■ **DATA FOR REVIEW**:
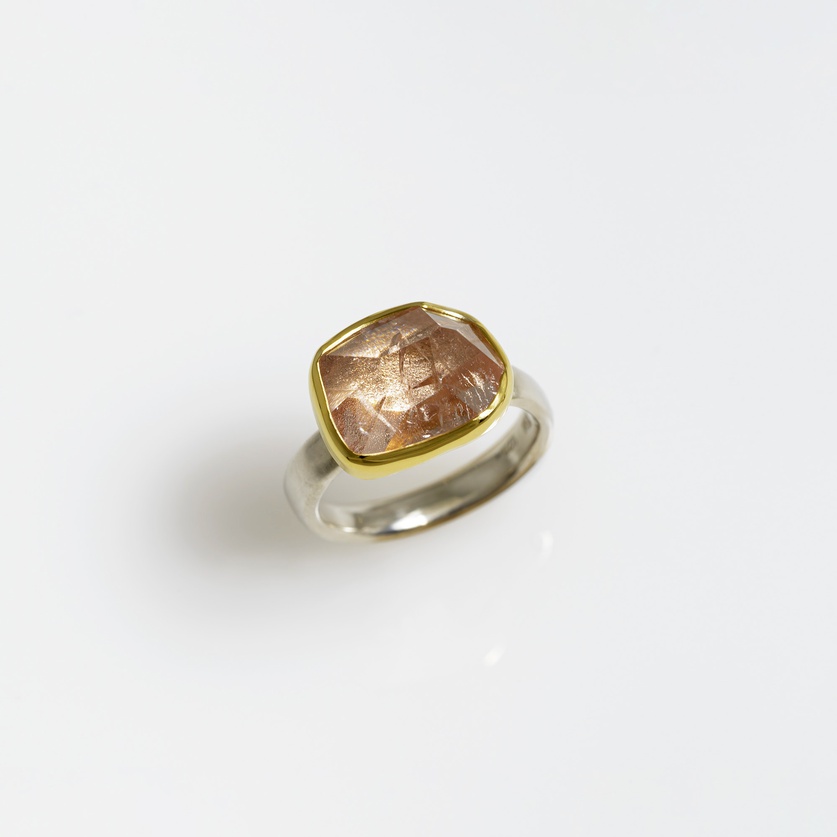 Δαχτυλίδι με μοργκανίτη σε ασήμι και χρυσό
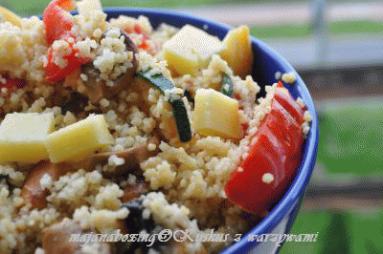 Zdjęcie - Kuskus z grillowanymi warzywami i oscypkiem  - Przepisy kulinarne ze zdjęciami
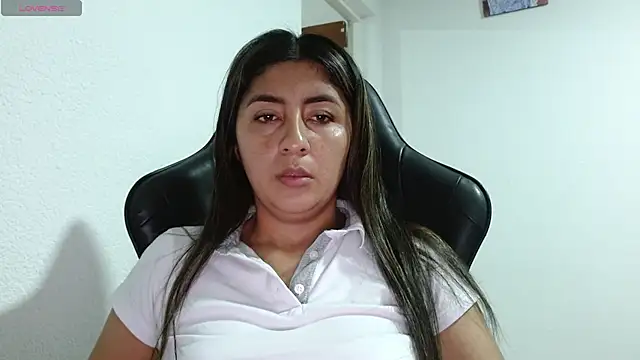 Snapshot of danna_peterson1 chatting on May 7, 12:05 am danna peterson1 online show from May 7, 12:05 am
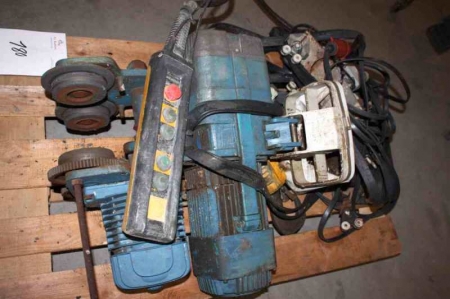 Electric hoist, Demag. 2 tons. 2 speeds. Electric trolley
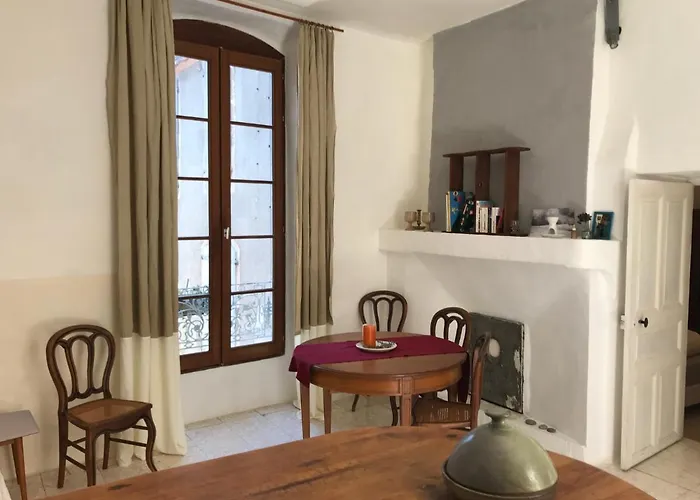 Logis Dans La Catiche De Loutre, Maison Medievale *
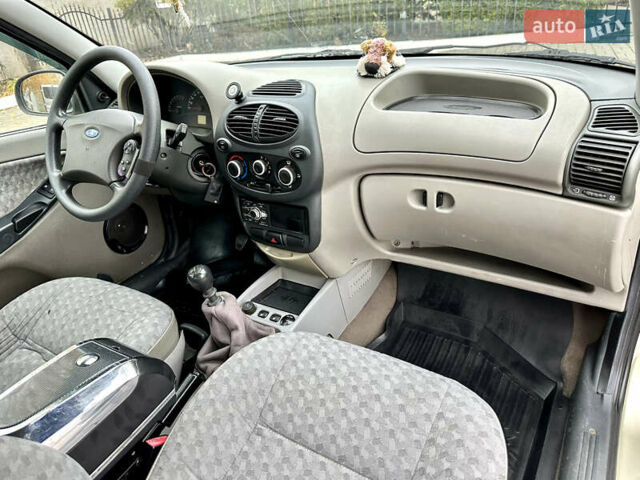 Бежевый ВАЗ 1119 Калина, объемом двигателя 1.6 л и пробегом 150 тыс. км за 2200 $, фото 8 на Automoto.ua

■ **ACTIVITY**: Hand back the records above exactly, leaving out every picture.

■ **ANSWER BOX**:
 Δαχτυλίδι με μοργκανίτη σε ασήμι και χρυσό
 Zdjęcie - Kuskus z grillowanymi warzywami i oscypkiem  - Przepisy kulinarne ze zdjęciami
 Snapshot of danna_peterson1 chatting on May 7, 12:05 am danna peterson1 online show from May 7, 12:05 am
 Electric hoist, Demag. 2 tons. 2 speeds. Electric trolley
 Logis Dans La Catiche De Loutre, Maison Medievale *
 Бежевый ВАЗ 1119 Калина, объемом двигателя 1.6 л и пробегом 150 тыс. км за 2200 $, фото 8 на Automoto.ua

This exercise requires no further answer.